Tonko Calls for Swift Advance of Semiconductor Manufacturing Legislation
Joins committee on Bipartisan Innovation & Competition Legislation as conferee leading negotiations between House & Senate
Washington, May 12, 2022
WASHINGTON, DC—Congressman Paul D. Tonko today joined the first public meeting of conferees in the House and the Senate to deliver remarks ahead of negotiations to resolve the differences between the House’s America COMPETES Act of 2022, and the Senate’s United States Innovation and Competition Act of 2022 (USICA). Last month, Tonko was named as one of the House conferees tasked with leading negotiations between the House and Senate on these two bills.
View Rep. Tonko’s opening statement HERE and see below as prepared for delivery:
The landmark innovation package we are considering today will transform our ability to compete abroad while securing good jobs here at home.
A $52 billion investment in the CHIPS for America Act is essential to expanding America’s semiconductor manufacturing capabilities.

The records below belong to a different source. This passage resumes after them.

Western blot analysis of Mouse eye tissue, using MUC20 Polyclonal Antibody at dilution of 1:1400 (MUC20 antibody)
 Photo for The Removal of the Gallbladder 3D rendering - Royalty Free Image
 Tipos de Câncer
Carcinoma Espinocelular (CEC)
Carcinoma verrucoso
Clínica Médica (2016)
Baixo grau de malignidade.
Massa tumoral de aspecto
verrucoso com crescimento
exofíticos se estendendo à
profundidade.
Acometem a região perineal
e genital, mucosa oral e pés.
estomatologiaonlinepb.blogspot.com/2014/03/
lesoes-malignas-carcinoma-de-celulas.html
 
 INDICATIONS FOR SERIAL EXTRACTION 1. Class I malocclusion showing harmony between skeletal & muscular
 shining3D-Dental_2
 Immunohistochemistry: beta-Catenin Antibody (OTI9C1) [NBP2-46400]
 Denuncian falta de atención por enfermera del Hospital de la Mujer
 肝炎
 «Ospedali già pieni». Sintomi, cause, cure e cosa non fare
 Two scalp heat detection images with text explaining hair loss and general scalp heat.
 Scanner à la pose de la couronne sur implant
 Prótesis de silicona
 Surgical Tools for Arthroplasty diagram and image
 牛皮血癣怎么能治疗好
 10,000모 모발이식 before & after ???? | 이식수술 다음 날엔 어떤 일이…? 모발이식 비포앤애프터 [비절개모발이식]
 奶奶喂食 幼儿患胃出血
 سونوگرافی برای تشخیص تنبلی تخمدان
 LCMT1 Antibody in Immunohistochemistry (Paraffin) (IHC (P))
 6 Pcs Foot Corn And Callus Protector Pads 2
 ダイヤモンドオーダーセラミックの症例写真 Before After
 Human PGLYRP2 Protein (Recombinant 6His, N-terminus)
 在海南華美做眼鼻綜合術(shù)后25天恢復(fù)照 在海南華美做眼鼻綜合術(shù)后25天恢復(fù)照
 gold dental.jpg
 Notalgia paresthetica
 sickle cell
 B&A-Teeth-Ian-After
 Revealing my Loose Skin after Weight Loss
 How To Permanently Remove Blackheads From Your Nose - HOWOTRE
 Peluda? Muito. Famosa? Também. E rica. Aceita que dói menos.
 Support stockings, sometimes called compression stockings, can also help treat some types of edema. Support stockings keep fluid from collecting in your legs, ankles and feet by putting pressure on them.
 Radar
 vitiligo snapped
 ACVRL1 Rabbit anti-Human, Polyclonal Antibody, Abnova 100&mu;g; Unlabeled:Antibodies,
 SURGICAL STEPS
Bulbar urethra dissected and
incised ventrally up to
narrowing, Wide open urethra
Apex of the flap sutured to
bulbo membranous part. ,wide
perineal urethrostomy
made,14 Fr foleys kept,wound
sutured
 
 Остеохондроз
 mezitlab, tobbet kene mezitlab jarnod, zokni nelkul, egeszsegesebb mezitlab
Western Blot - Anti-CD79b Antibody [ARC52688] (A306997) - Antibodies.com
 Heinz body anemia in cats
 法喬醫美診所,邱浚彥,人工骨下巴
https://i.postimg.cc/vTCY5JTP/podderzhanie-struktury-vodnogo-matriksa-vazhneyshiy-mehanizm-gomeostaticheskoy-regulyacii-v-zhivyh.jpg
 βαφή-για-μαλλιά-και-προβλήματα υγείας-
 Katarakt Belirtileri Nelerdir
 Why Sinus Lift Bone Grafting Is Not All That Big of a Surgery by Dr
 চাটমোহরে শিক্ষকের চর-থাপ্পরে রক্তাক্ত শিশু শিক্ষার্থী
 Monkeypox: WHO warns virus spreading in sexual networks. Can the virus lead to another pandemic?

New York’s Capital Region has so much to gain from strong investments in semiconductor manufacturing – which provides thousands of jobs in the region - and is uniquely poised to lead the nation in advancements in this emerging field, which is why I’ve led the fight to get this critical initiative funded in the House.
The funding will also allow us to stand up the National Semiconductor Technology Center – which I’m working to host in New York’s Capital Region.
And the bipartisan Micro Act, included in the House bill, will complement CHIPS by accelerating early-stage microelectronics research at the Department of Energy to feed into these National Semiconductor Technology Center and manufacturing facilities.
These investments must be accompanied by efforts to better attract and retain qualified workers from across the globe, while supporting greater domestic STEM education and workforce development.
DOE is critical to this effort, and our national labs must be well-represented in a final conference agreement.
In addition to R&D, DOE can play a key role in improving domestic manufacturing.
Provisions like my Flex Tech legislation, included as an amendment in the House, would establish a program for states to support manufacturers by funding energy studies and the implementation of recommendations from those studies.
Many states already have successful programs to support industrial energy efficiency, and this provision would build on those efforts.
We also know the solar industry is currently involved in a major tariff case, and I fear these types of cases will continue until we invest throughout the entire domestic solar supply chain.
We should enact the provision included in the House-passed bill to reclaim solar manufacturing.
Finally, an amendment based on my Restoring Offshore Wind Opportunities Act was included in the House bill to overturn the arbitrary leasing ban set to go into effect this summer in North and South Carolina, Georgia, and Florida.
Blocking offshore wind development not only hurts our clean energy goals, but also undermines America’s offshore businesses, which are working to create high quality jobs and ensure America’s leadership in this emerging global industry.
I look forward to this conference reaching agreement on a package that prioritize these issues.